Y en medio de este espectáculo que todos hemos de asumir, unas líneas dedicadas al ministerio fiscal. Según algunos políticos, el Gobierno utiliza a "su" fiscal, de lo que cabe deducir que antaño se utilizaba al "otro", como afirmaban entonces quienes hoy gobiernan. Triste panorama. Por su parte, el Gobierno proclama el reforzamiento de la autonomía de tal institución, pero cuando los fiscales de sala del Supremo, por unanimidad y con ellos la inmensa mayoría de los fiscales, expresan su rechazo a ciertas decisiones que se consideran no acordes con la legalidad, la respuesta es la risa y llamarles coro de no se sabe qué clase, recordando al tiempo que una cosa es la autonomía y otra bien distinta la independencia, como si se hablara no de los fiscales, sino de las comunidades autónomas. No hace falta que se nos recuerde nuestro papel, que bien sabemos, y que no es otro que el que la Constitución diseñó. Por lo demás, como "muestra" de ese pretendido reforzamiento, se ha convertido de un plumazo, sin reforma legal, al consejo fiscal -con independencia de que no ha estado muy acertado en algunas decisiones- en un adorno, en un florero. Sabemos de dónde venimos, no sabemos muy bien dónde estamos e ignoramos hacia dónde nos dirigimos o se nos quiere dirigir. Creo, sin embargo, que, con buena voluntad, todo puede arreglarse. Concedamos, pues, un margen de confianza.
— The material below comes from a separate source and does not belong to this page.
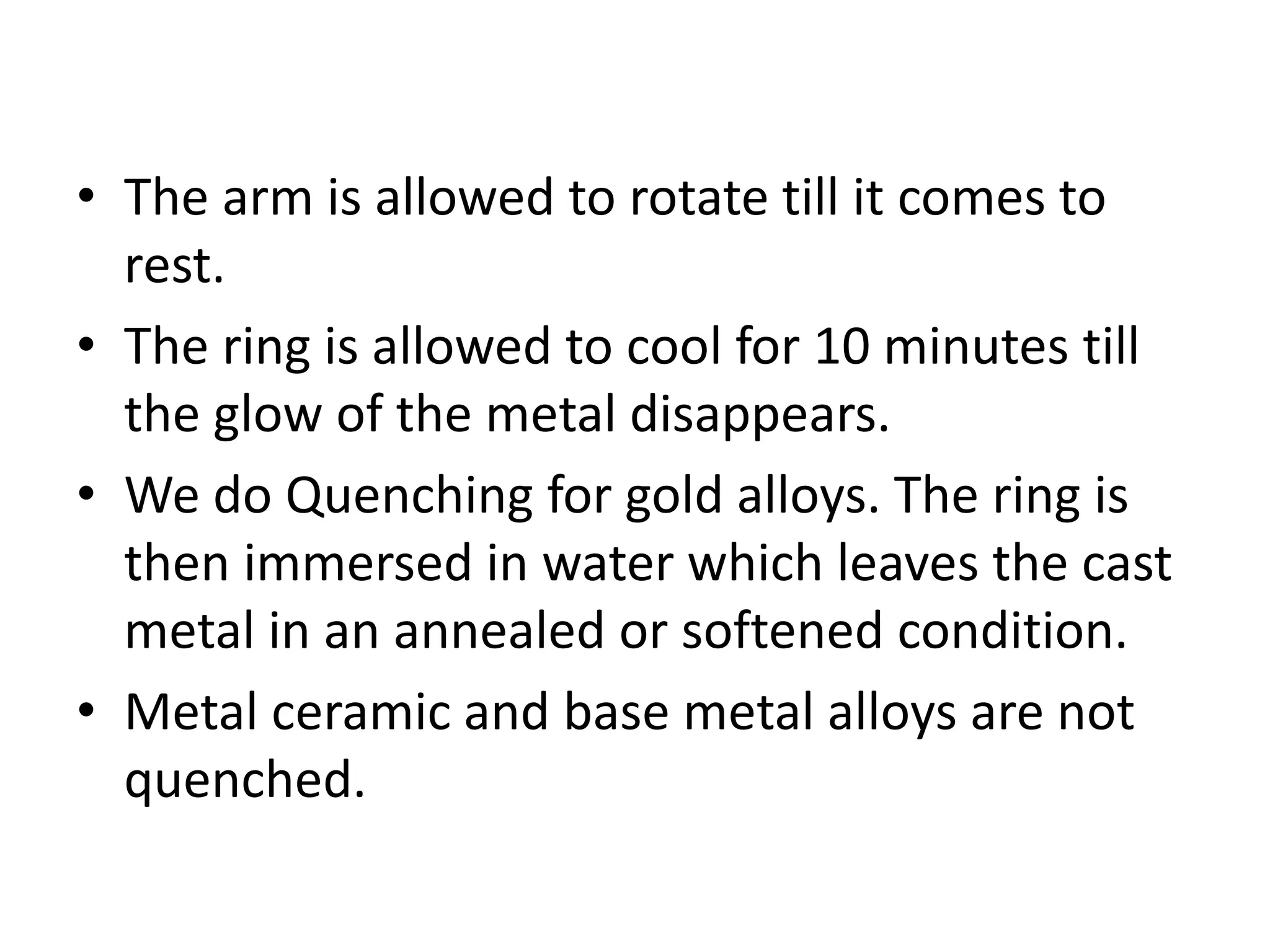 Casting Procedure 013749 Pptx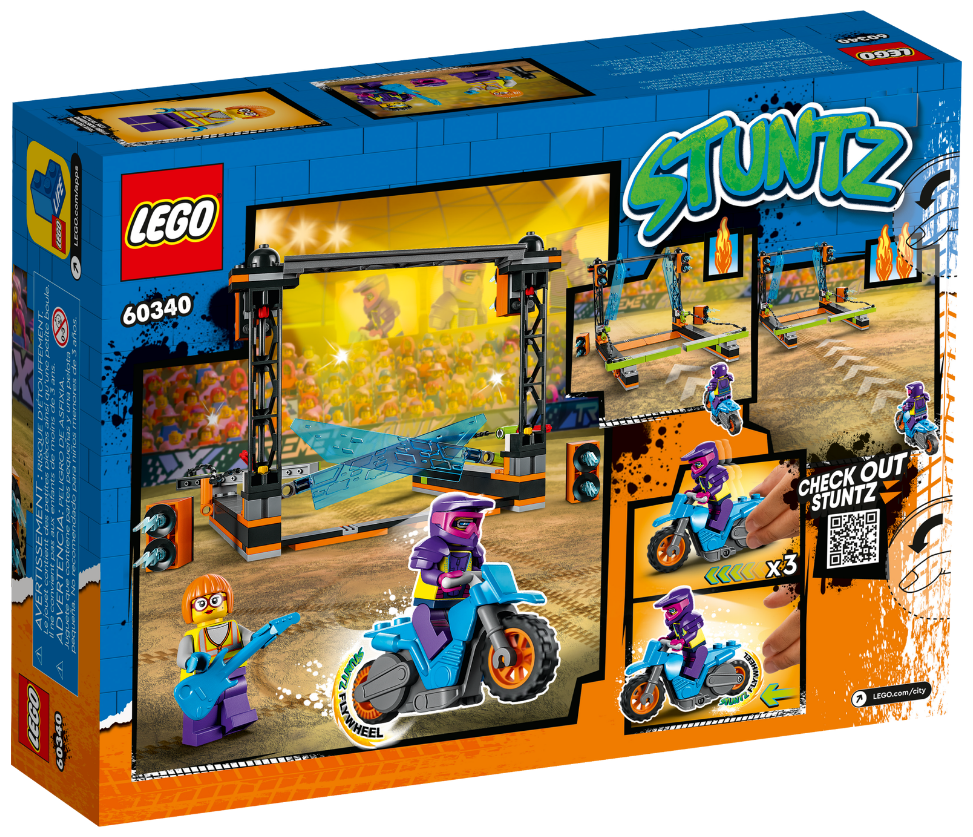 Конструктор LEGO City Stuntz 60340 Трюковое испытание Клинок — фото 2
Se dirá que la presente reflexión derrocha pena, tristeza y amargura. Es cierto. Pero o entre todos salvamos lo que es indispensable para que funcione debidamente un Estado de derecho y el sistema se encarga de ello o el monstruo que se está creando puede acabar devorando al sistema como Saturno devoró a sus hijos. ¡Póngase, póngase el remedio cuanto antes! A nadie beneficia el espectáculo y a todos perjudica.

Decía en unos versos mi paisana Rosalía, que, obviamente, se refería a otras cuestiones: "Triste e o cantar que cantamos, ¿niais quéfacer si outro millor non hai?". Pero si no hay otro mejor, ¿qué hacer? Pues, sencillamente, tragarse la amargura y aguantar el chaparrón y, como los gallegos hacen cuando hay tormenta, abrir el paraguas y esperar a que escampe, Triste, muy triste, pero, como suele decirse, real como la vida misma. Mas como quiera que soy un hombre pragmático, dejando a Dios tranquilo, todavía confío en los hombres, con la esperanza de que aquellos a quienes corresponde resolver el drama harán lo imposible para buscar la solución adecuada, Gobierno, Cortes Generales y órganos de gobierno de jueces, magistrados y fiscales, para conseguir entre todos que después de la tempestad que padecemos pueda venir la calma.

Juan José Martínez Zato es fiscal de sala del Tribunal Supremo y jefe de la Inspección de la Fiscalía General del Estado.